Aim of the task
Which lines of the entries below run from the one holding "Husa pentru iPhone" to the one holding "Pixel art Jesus", inclusive? Set down exactly those lines and no others.

Excerpted records
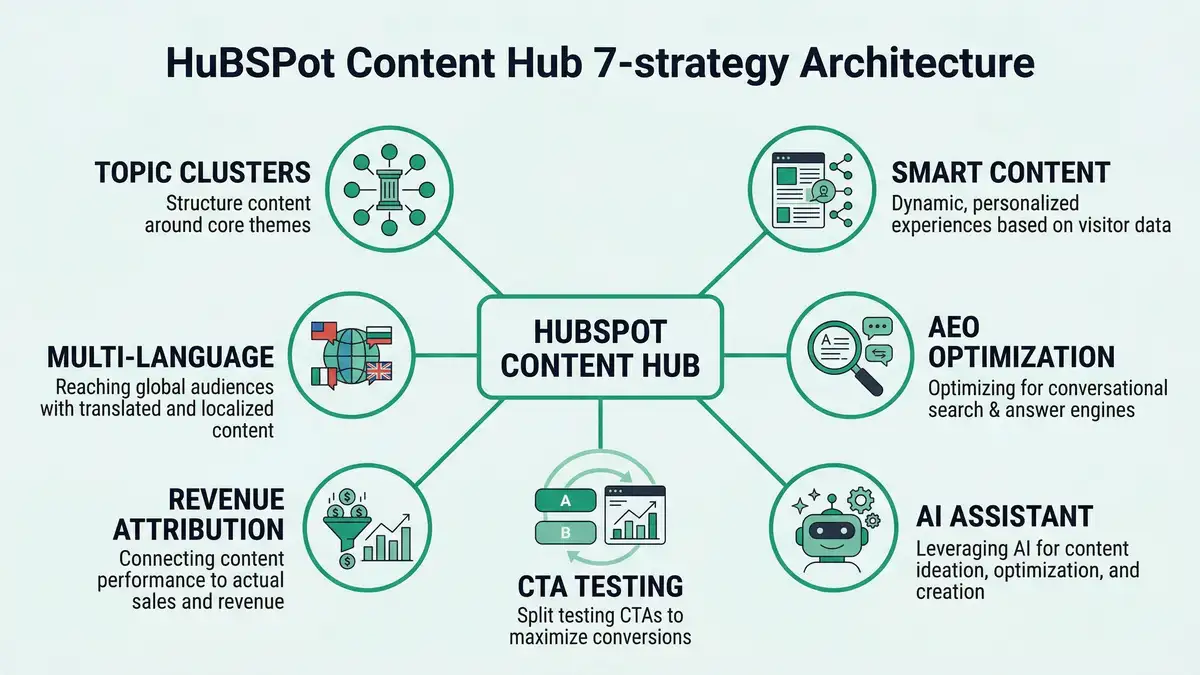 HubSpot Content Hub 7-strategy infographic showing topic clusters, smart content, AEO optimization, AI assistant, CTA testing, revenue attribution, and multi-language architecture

* * *

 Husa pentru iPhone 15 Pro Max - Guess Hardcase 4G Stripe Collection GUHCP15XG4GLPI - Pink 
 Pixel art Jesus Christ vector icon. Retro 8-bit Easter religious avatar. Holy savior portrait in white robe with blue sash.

Answer section
 Husa pentru iPhone 15 Pro Max - Guess Hardcase 4G Stripe Collection GUHCP15XG4GLPI - Pink 
 Pixel art Jesus Christ vector icon. Retro 8-bit Easter religious avatar. Holy savior portrait in white robe with blue sash.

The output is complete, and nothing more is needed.